People clearly really want to be part of the Phoenix experience. They are that band that, even in New York, get showered in cheers between songs, and are otherwise extended a kind of rapt, full-on attention that excludes the usual cellphone checking/mass flirting/heavy drinking crowd behavior that is the hallmark of your average show at the MHOW. There’s a bubble of exhilarating calm coming off the stage as Phoenix run through a bunch of back catalogue, Mars bellowing nonsense bon mots like “Right hand in a trench coat!” with the utmost sincerity, the crowd buying every nonlinear word of it.

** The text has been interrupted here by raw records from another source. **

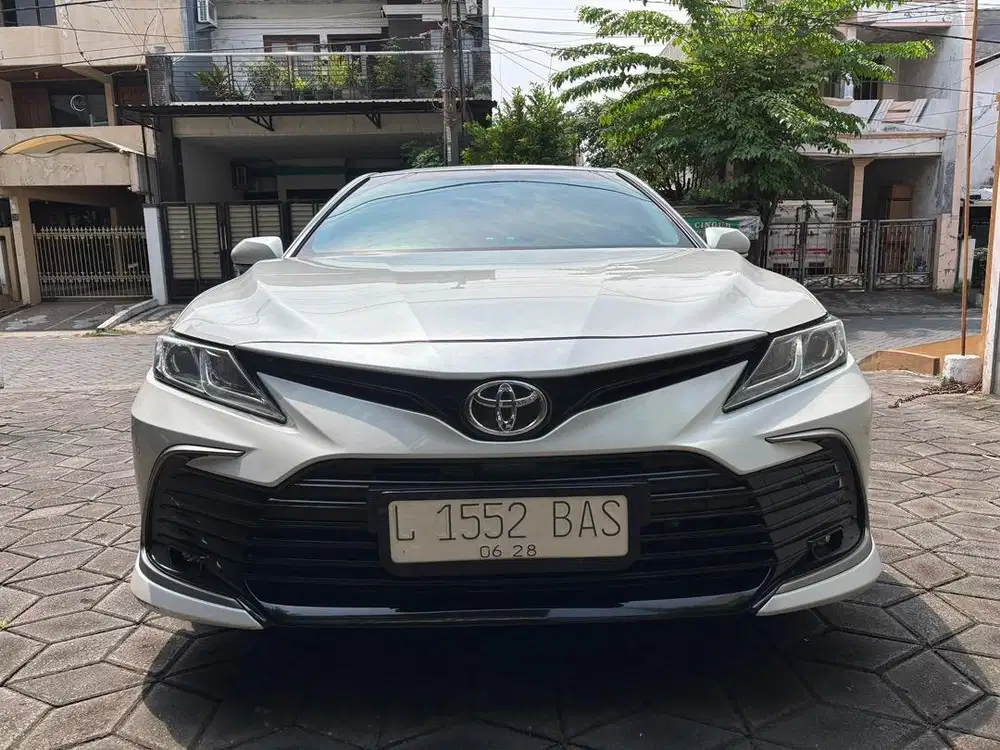 CAMRY 2.5 V BENSIN MATIC 2023 KM 40rb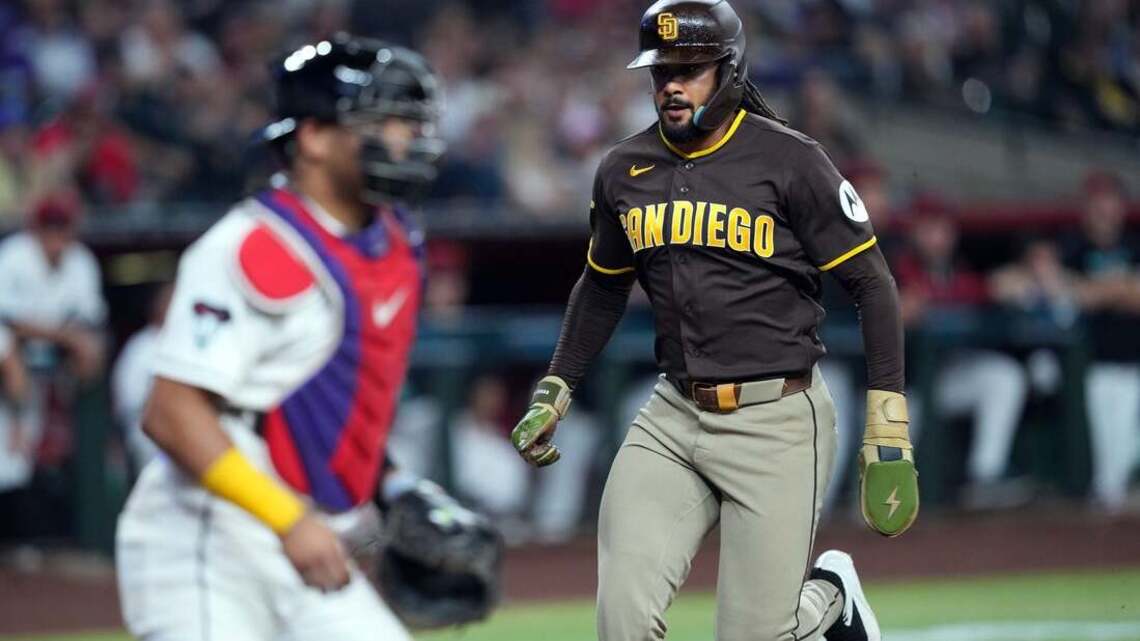Padres split with D-backs, gain ground in NL wild-card race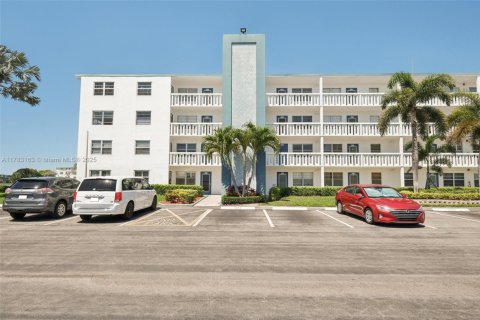 Condo in Boca Raton, Florida, 2 bedrooms  № 1709121 - photo 26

And though there is the inevitable triumphant “1901” encore, which finishes with Mars somewhere deep in the crowd, ringed by kids and cameras, the band dragging out that last “Falling, falling, falling, falling” bit for a good five minutes, it’s an earlier moment that sticks with you. As on Phoenix’s sparkling new record, Wolfgang Amadeus Phoenix, “Love Like a Sunset” comes right in the middle of the set, breaking up a cavalcade of streamlined pop with what starts as a kind of noodling thicket of random noise — noise that gradually takes form without much of the delicacy it has on the record, but with a new, substantial physical force. There is, eventually, a growing, chirping crescendo, the band picking up speed and volume and ultimately diving headlong into an enormous bass rumble, and then silence, and then the song’s second half, which is slightly vocoded and doubled and massive and really just fucking wonderful, sweet and loud and epic all at the same time. Even Mars looks a little bit stunned when they finish it.